■ **Provided entries**
▽
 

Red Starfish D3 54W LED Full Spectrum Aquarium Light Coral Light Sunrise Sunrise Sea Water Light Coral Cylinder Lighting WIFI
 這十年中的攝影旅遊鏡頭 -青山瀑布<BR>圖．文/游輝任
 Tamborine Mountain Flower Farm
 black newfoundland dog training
△
▽
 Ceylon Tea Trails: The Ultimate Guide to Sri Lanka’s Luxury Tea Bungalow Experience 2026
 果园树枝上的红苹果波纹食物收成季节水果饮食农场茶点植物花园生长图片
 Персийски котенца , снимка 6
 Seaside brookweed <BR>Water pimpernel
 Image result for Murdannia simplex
△
■ **Your assignment**
Restate word for word only the lines above from the line containing "Tamborine Mountain Flower Farm" to the line containing "black newfoundland dog training", both of them included.

■ **Solution to the exercise**
 Tamborine Mountain Flower Farm
 black newfoundland dog training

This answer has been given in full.